Leg cramps are a common, usually harmless condition where the muscles in your leg suddenly become tight and painful. Leg cramps usually occur in the calf muscles although they can affect any part of the leg including your feet and thighs.
After the cramping has passed, you may have pain and tenderness in your leg for several hours.
In three out of four cases, leg cramps occur at night during sleep.
Read more about the symptoms of leg cramps
What causes leg cramps?
Leg cramps can occur for no apparent reason, known as idiopathic leg cramps, or as a symptom or complication of a health condition, known as secondary leg cramps.
Causes of secondary leg cramps include:
- certain types of medication, such as statins (medicines that help lower cholesterol levels)
- liver disease
A leg cramp occurs when your muscles suddenly shorten (contract), causing pain in your leg. This is called a spasm, and you cannot control the affected muscle.
The cramp can last from a few seconds to 10 minutes. When the spasm passes, you will be able to control the affected muscle again.
See Leg cramps – causes for more information about the possible causes of secondary leg cramps.
When to see your GP
Speak to your GP if your leg cramps are affecting your quality of life; for example, if you have frequent leg cramps or they are interfering with your sleep.
Your GP will ask about your symptoms and examine your legs and feet. They may also ask if you have other symptoms, such as numbness or swelling, which may be a sign that you have secondary leg cramps caused by an underlying condition.
In this case, you may need further tests, such as blood tests and urine tests, to rule out other conditions.
Treating leg cramps
Most cases of leg cramps can be relieved by exercising the affected muscles. Exercising your legs during the day will often help reduce how often you get cramping episodes.
To stretch your calf muscles, stand with the front half of your feet on a step, with your heels hanging off the edge. Slowly lower your heels so that they are below the level of the step. Hold for a few seconds before lifting your heels back up to the starting position. Repeat a number of times.
Medication is usually only required for the most persistent cases of cramping that do not respond to exercise.
If you have secondary leg cramps, treating the underlying cause may help relieve your symptoms. Leg cramps that occur during pregnancy should pass after the baby is born.

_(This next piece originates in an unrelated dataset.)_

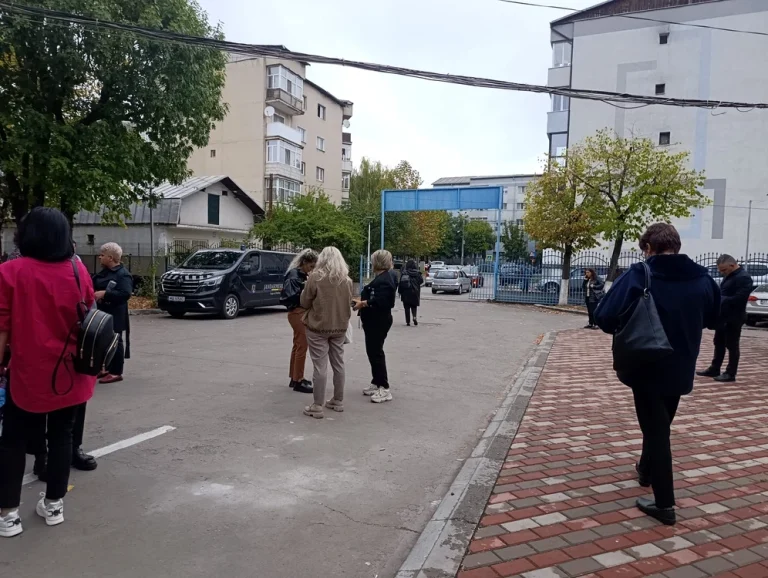 Expertul Marian Staș propune mecanisme pentru „a doua șansă” a directorilor eliminați la concurs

Leg cramps that occur during a serious case of liver disease can be harder to treat. Your treatment plan may include using medications such as muscle relaxants.
For more information see Leg cramps – treatment.
Preventing leg cramps
If you often get leg cramps, regularly stretching the muscles in your lower legs may help prevent the cramps or reduce their frequency.
You might find it useful to stretch your calves before you go to bed each night (see stretching advice above).
The following night-time advice may also help:
- If you lie on your back, make sure that your toes point upwards – placing a pillow on its side at the end of your bed, with the soles of your feet propped up against it may help keep your feet in the right position.
- If you lie on your front, hang your feet over the end of the bed – this will keep your feet in a relaxed position and help stop the muscles in your calves from contracting and tensing.
- Keep your sheets and blankets loose.